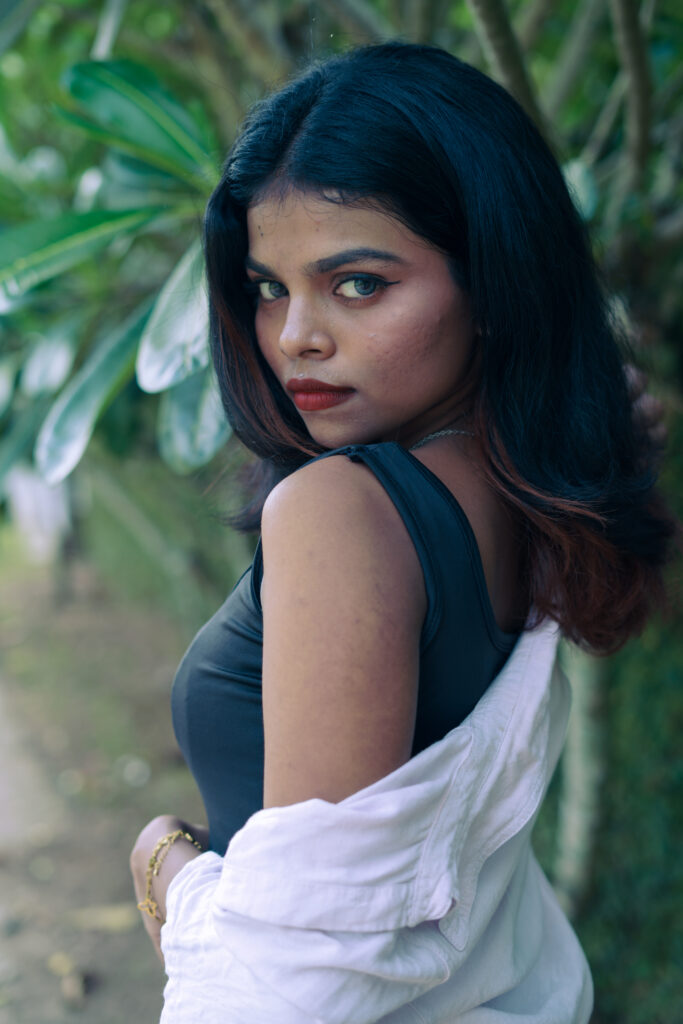 Woman in an open pink shirt and black top posing among green plants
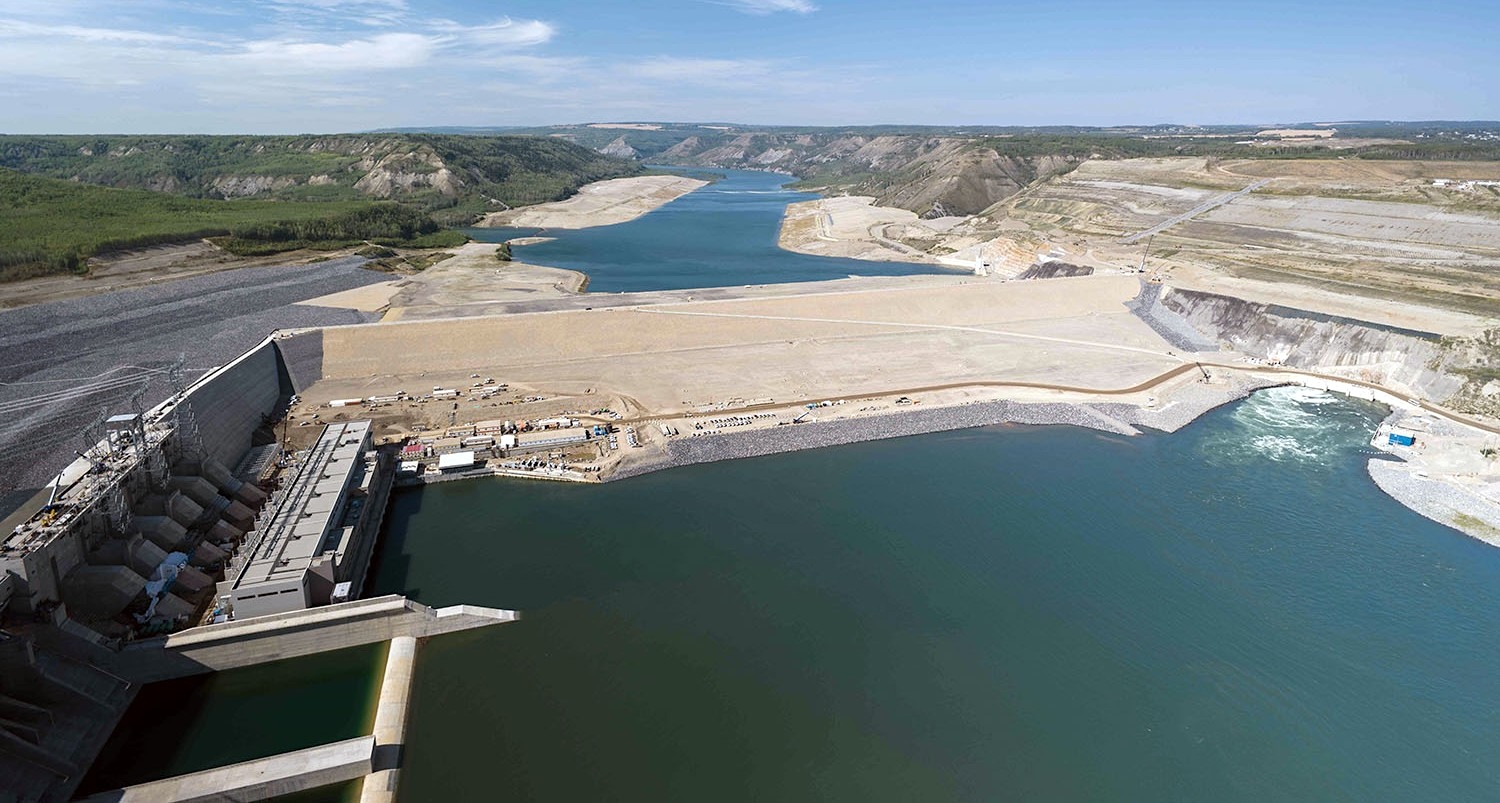 A panoramic photo shows a grey concrete dam with the blue waters of a reservoir behind and river in the foreground.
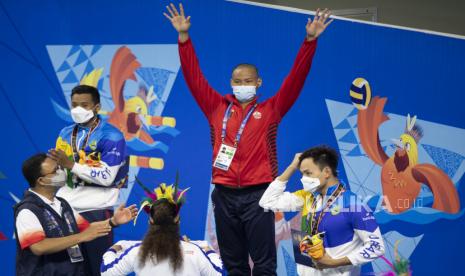 Gubernur DKI Jakarta Anies Baswedan (kiri) menyaksikan pemberian medali kepada atlet renang putra DKI Jakarta Joe Aditya W Kurniawan (tengah) seusai memenangkan final Renang 200 meter Gaya Bebas Putra PON Papua di Stadion Akuatik, Kampung Harapan, Kabupaten Jayapura, Papua, Senin (11/10/2021). Joe Aditya W Kurniawan berhasil meraih medali emas dengan catatan waktu 1 menit 51.05 detik sedangkan perak diraih Aflah Fadlan (Jabar) dengan catatan waktu 1 menit 51.39 detik dan perunggu diraih Erick Ahmad Fathoni (Jabar) dengan catatan waktu 1 menit 53.11 detik.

* Problem details
Starting with the first line of the data above and ending with the line containing "A panoramic photo", please restate every line exactly, leaving images out.

* Task result
 Woman in an open pink shirt and black top posing among green plants
 A panoramic photo shows a grey concrete dam with the blue waters of a reservoir behind and river in the foreground.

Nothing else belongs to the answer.